Exhibit 99.1
FORM 51-102F3
MATERIAL CHANGE REPORT
| ITEM 1. | NAME AND ADDRESS OF COMPANY |
Canadian Zinc Corporation (the “Company”)
Suite 1710 - 650 West Georgia Street
Vancouver, BC V6B 4N9
| ITEM 2. | DATE OF MATERIAL CHANGE |
July 10, 2018.
Issued on July 10, 2018 and distributed through the facilities of Canada Newswire.
| ITEM 4. | SUMMARY OF MATERIAL CHANGE |
The Company completed a $20 million equity financing with RCF VI CAD LLC ("RCF VI LLC"), a wholly-owned subsidiary of Resource Capital Fund VI L.P. ("RCF VI L.P."), pursuant to which the Company issued 100 million units to RCF VI LLC at a price of $0.20 per unit. Each unit consists of one common share and one-half of one common share purchase warrant. Each whole warrant will entitle RCF VI LLC to purchase one common share at an exercise price of C$0.25 per share until December 31, 2018.
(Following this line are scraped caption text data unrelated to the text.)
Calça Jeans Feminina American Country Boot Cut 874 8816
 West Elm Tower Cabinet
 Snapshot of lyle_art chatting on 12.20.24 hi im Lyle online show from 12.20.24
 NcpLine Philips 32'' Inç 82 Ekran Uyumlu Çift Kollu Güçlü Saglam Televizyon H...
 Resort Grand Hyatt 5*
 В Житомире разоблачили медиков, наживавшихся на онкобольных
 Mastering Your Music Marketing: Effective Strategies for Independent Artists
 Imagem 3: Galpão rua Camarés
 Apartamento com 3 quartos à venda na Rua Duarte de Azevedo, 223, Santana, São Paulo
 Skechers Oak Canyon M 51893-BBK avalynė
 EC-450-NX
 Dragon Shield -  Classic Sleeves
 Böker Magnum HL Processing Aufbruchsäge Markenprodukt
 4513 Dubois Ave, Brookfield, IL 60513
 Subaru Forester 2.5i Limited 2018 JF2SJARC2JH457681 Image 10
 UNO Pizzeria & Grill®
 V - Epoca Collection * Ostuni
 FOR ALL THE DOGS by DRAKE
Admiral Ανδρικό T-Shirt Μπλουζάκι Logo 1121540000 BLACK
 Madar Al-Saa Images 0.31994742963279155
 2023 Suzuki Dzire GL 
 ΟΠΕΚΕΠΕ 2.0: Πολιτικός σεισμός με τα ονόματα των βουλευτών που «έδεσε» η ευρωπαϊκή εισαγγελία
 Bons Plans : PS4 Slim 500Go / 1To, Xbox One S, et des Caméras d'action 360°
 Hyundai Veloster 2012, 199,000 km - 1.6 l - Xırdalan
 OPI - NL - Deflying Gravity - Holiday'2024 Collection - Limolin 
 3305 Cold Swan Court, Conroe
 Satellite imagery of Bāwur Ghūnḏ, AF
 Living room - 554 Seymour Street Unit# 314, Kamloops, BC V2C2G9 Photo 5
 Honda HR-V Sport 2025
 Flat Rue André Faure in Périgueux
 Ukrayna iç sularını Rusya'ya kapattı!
| ITEM 5.1 | FULL DESCRIPTION OF MATERIAL CHANGE |
The Company, pursuant to an equity financing agreement entered into on May 14, 2018, issued 100 million shares of the Company at $0.20 per share, for gross proceeds of $20 million, to RCF VI LLC. As part of the placement, RCF VI LLC was also issued 50 million warrants, exercisable at $0.25 per share until December 31, 2018.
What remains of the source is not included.